# Exercise materials
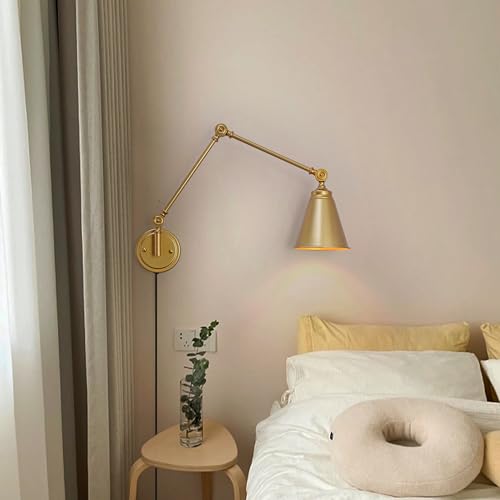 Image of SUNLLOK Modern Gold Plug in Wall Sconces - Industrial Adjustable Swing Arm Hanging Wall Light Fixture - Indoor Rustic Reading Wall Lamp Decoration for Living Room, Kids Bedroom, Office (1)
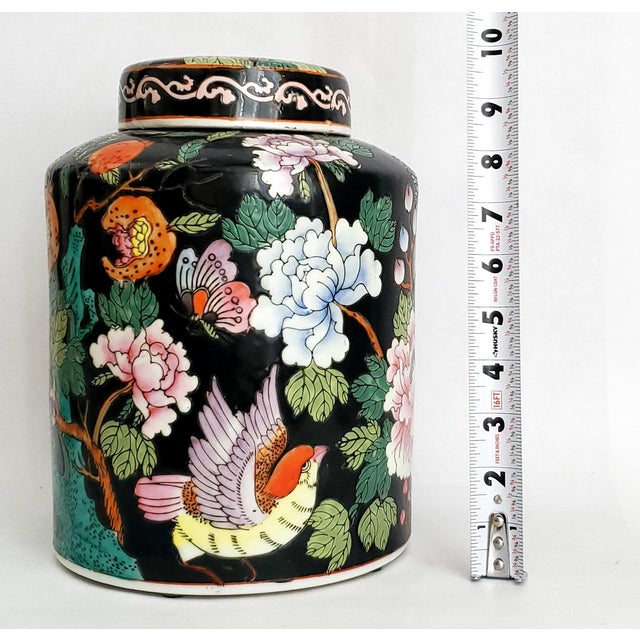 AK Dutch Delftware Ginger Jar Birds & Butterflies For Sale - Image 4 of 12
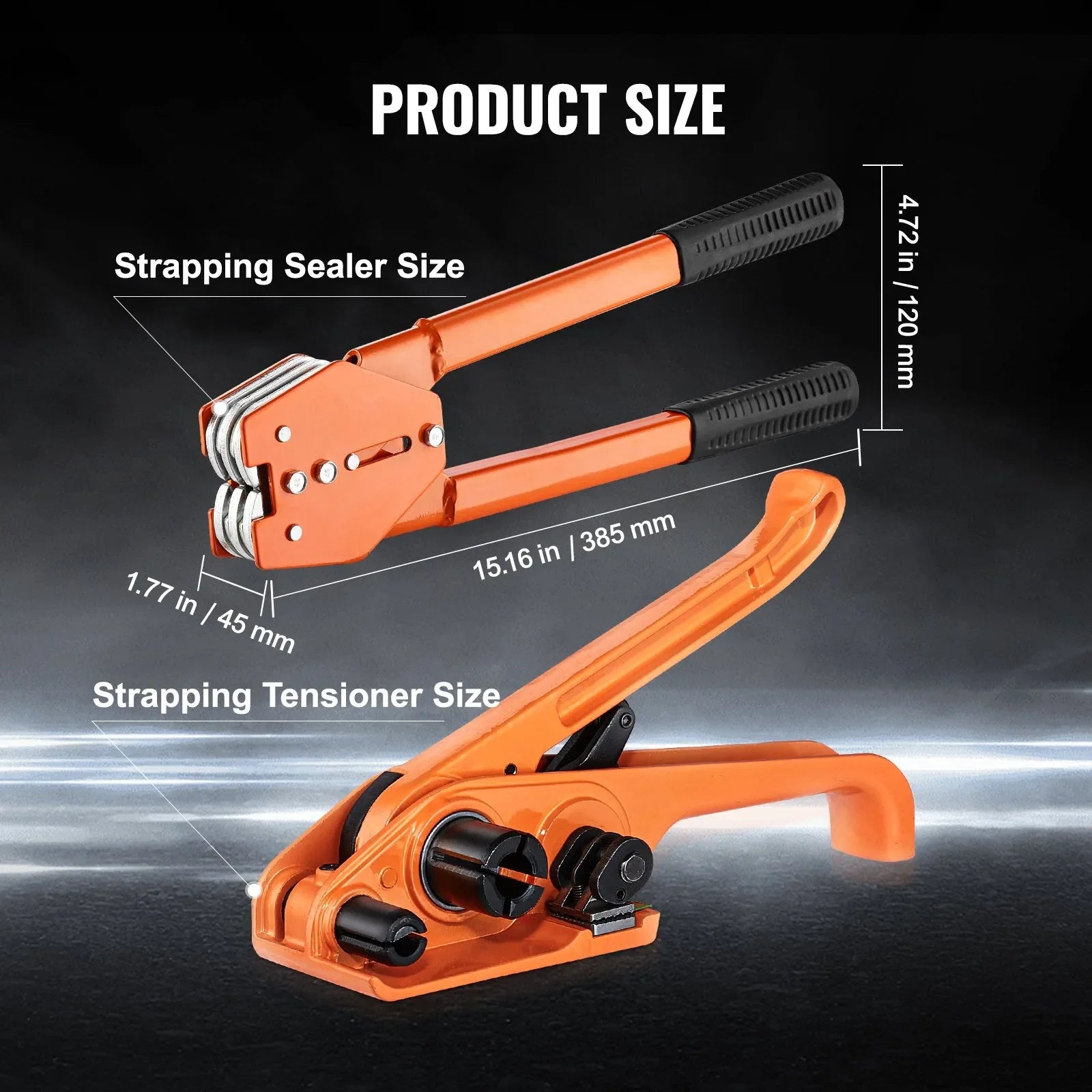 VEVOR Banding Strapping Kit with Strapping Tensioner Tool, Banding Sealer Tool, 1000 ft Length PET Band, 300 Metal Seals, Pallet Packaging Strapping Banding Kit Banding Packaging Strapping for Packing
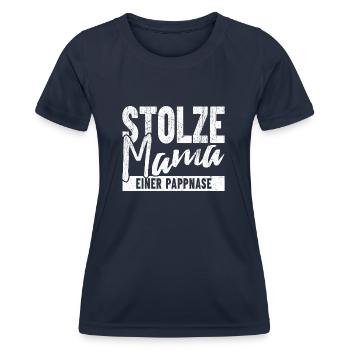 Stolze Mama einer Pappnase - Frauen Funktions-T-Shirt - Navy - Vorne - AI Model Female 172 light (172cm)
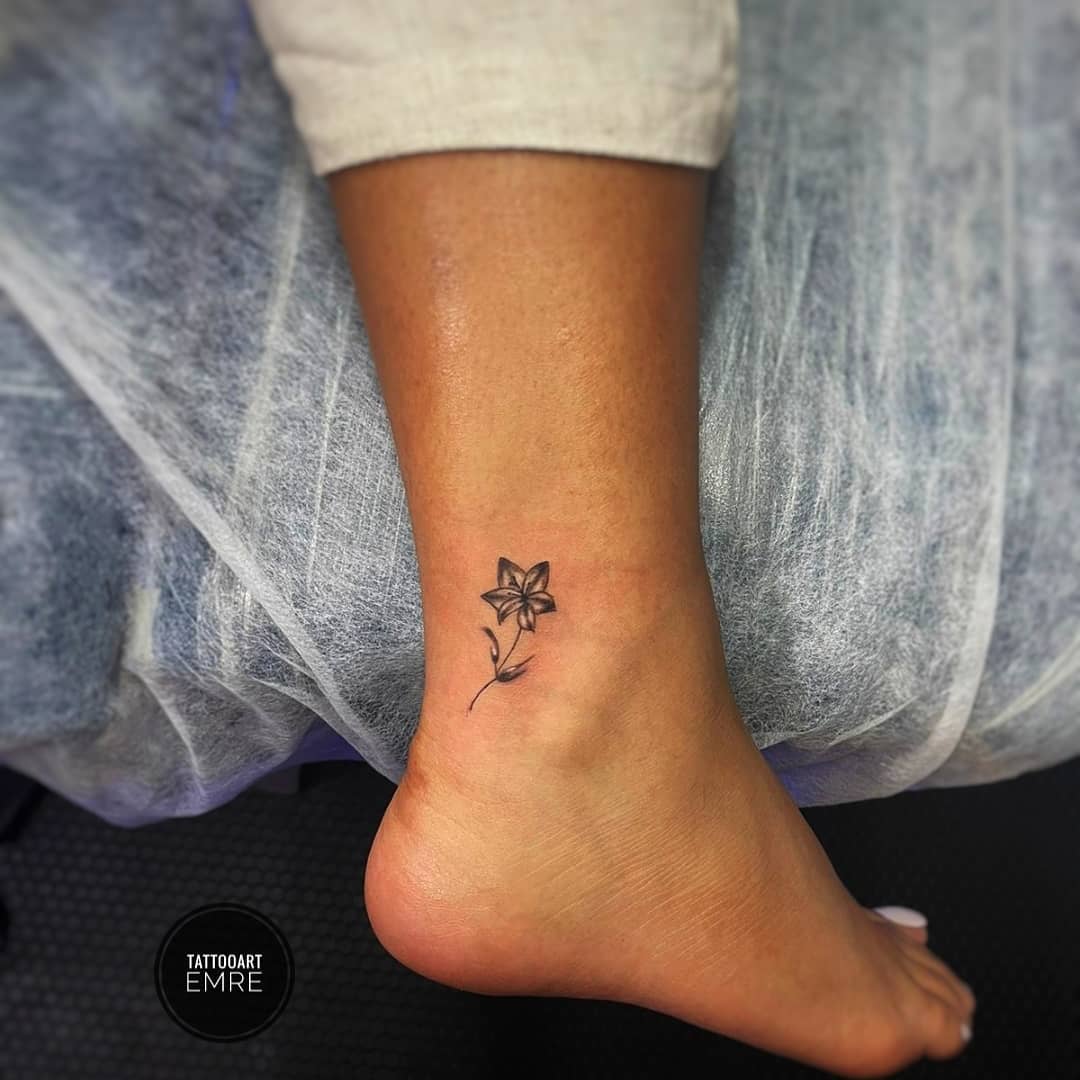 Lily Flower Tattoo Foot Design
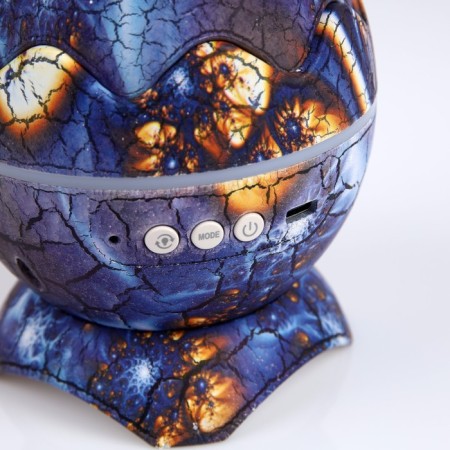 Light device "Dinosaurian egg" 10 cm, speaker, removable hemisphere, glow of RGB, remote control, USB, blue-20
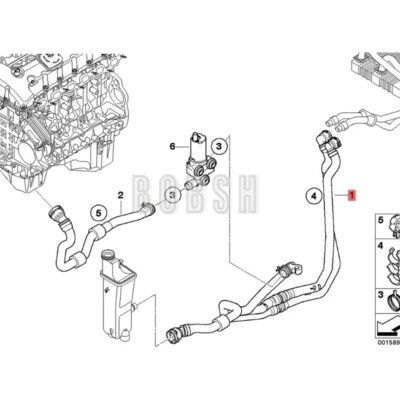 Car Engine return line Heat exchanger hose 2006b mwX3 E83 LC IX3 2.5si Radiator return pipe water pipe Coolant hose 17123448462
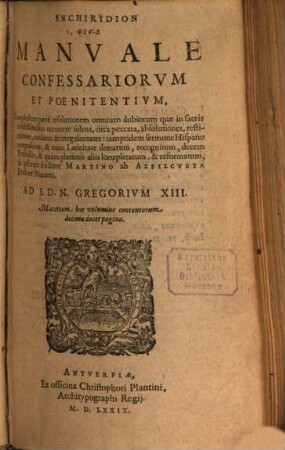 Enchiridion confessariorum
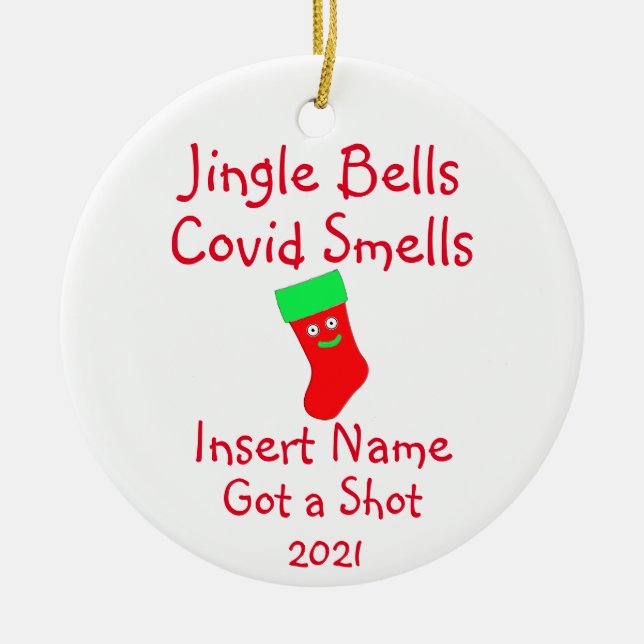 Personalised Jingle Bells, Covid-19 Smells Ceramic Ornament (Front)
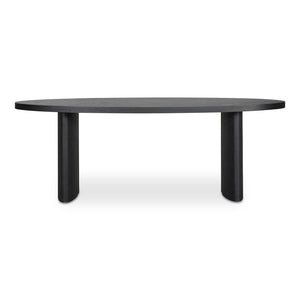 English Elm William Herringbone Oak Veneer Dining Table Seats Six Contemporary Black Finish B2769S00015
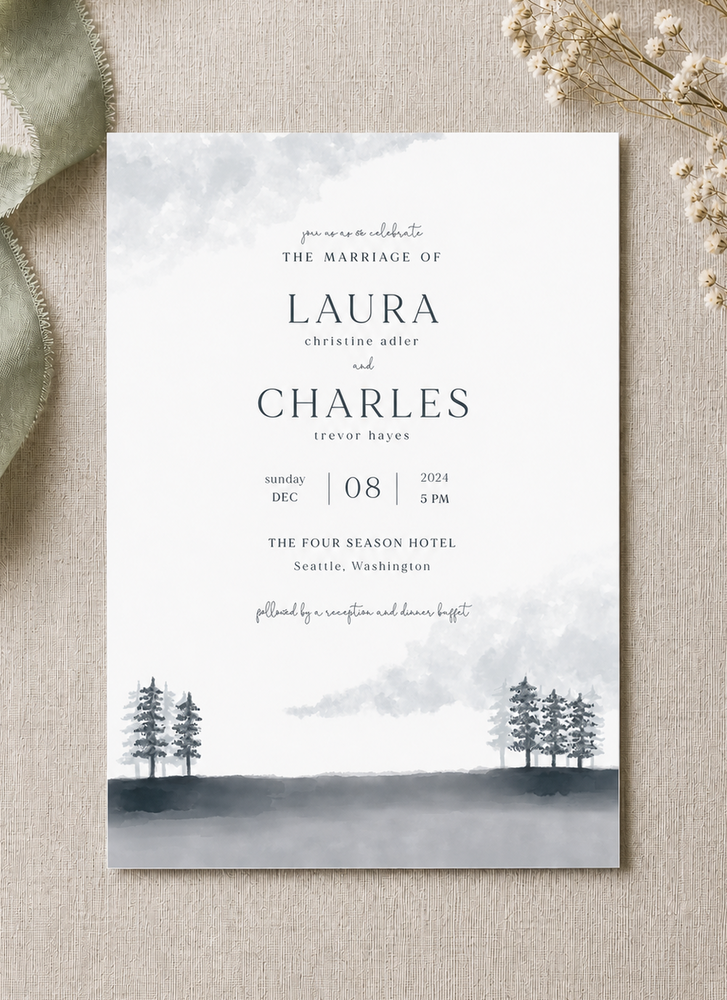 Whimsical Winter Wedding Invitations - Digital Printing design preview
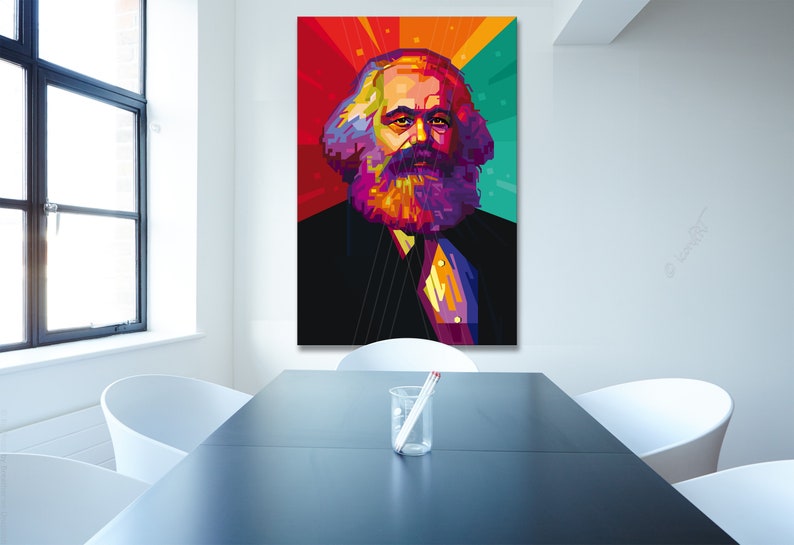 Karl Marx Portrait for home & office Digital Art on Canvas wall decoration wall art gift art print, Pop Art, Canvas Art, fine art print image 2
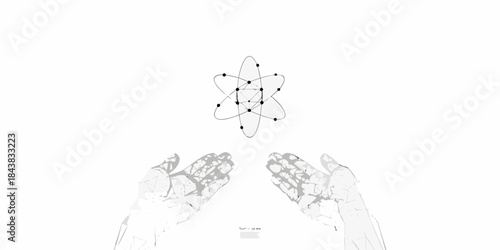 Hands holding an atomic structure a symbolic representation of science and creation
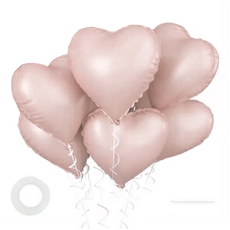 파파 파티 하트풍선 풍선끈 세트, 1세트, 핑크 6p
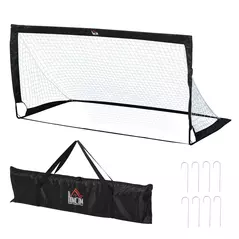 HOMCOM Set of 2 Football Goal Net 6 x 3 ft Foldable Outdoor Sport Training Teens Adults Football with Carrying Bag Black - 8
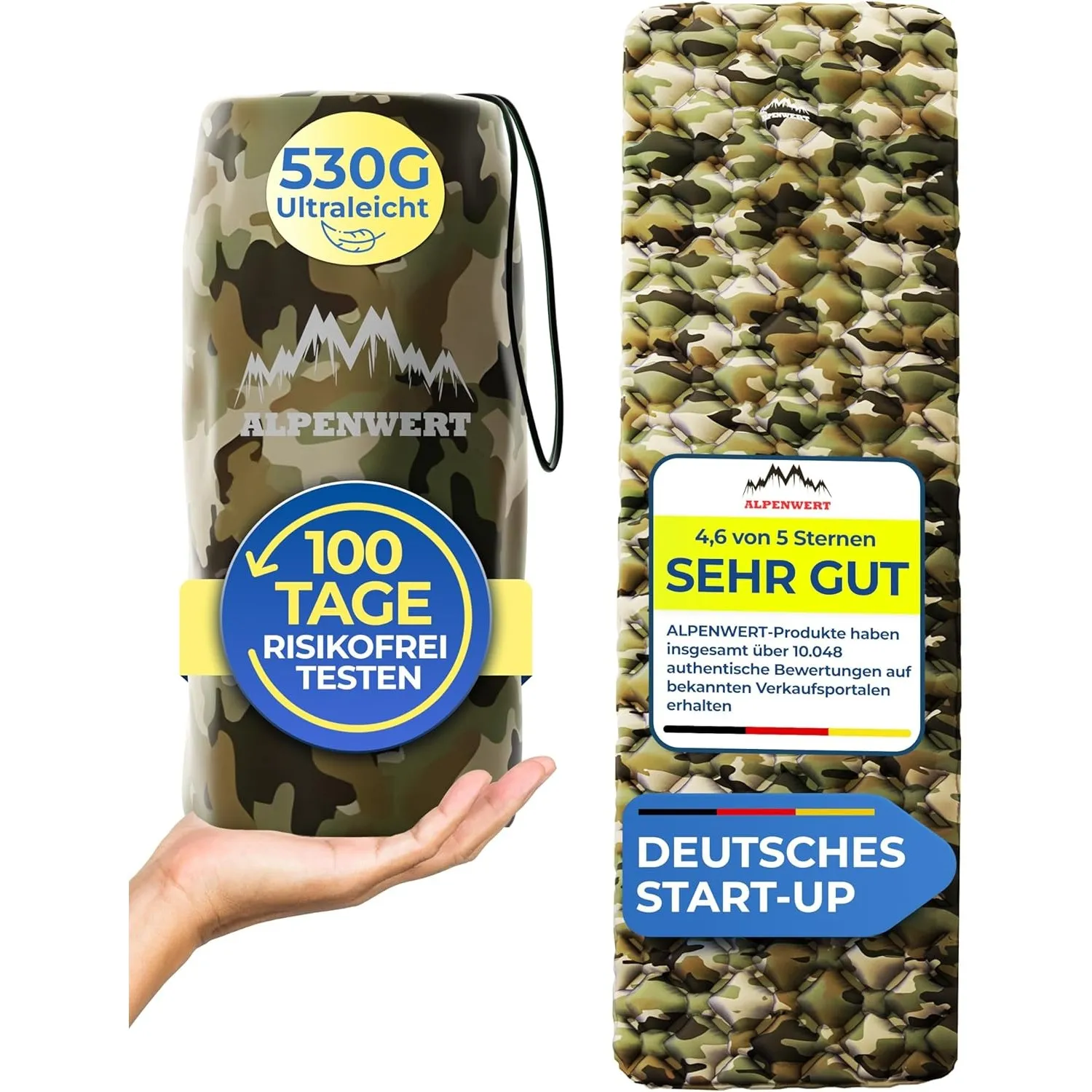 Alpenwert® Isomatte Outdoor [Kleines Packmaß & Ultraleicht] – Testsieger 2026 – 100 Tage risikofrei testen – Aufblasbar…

# To do
Nothing but the lines from the top of the data above through the line containing "Personalised Jingle Bells, Covid-19" should be output, exactly as written and without the pictures.

# Task response
 Image of SUNLLOK Modern Gold Plug in Wall Sconces - Industrial Adjustable Swing Arm Hanging Wall Light Fixture - Indoor Rustic Reading Wall Lamp Decoration for Living Room, Kids Bedroom, Office (1)
 AK Dutch Delftware Ginger Jar Birds & Butterflies For Sale - Image 4 of 12
 VEVOR Banding Strapping Kit with Strapping Tensioner Tool, Banding Sealer Tool, 1000 ft Length PET Band, 300 Metal Seals, Pallet Packaging Strapping Banding Kit Banding Packaging Strapping for Packing
 Stolze Mama einer Pappnase - Frauen Funktions-T-Shirt - Navy - Vorne - AI Model Female 172 light (172cm)
 Lily Flower Tattoo Foot Design
 Light device "Dinosaurian egg" 10 cm, speaker, removable hemisphere, glow of RGB, remote control, USB, blue-20
 Car Engine return line Heat exchanger hose 2006b mwX3 E83 LC IX3 2.5si Radiator return pipe water pipe Coolant hose 17123448462
 Enchiridion confessariorum
 Personalised Jingle Bells, Covid-19 Smells Ceramic Ornament (Front)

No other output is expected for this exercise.